[Extracted records]
—————
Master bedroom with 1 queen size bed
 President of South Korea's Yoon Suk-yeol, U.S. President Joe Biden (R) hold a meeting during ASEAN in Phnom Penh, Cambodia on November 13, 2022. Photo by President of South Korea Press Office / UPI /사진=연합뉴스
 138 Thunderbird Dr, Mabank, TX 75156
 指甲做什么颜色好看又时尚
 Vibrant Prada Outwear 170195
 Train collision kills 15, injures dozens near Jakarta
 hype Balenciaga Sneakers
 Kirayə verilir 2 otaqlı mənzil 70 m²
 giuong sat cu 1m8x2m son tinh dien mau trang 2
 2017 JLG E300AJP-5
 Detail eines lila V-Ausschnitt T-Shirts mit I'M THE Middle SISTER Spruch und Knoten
—————
WHAT IS EXPECTED >> Your task is to transcribe exactly the lines from the one with "2017 JLG E300AJP-5" through the end of the data, both included, and nothing besides.

ANSWER SPACE >>
 2017 JLG E300AJP-5
 Detail eines lila V-Ausschnitt T-Shirts mit I'M THE Middle SISTER Spruch und Knoten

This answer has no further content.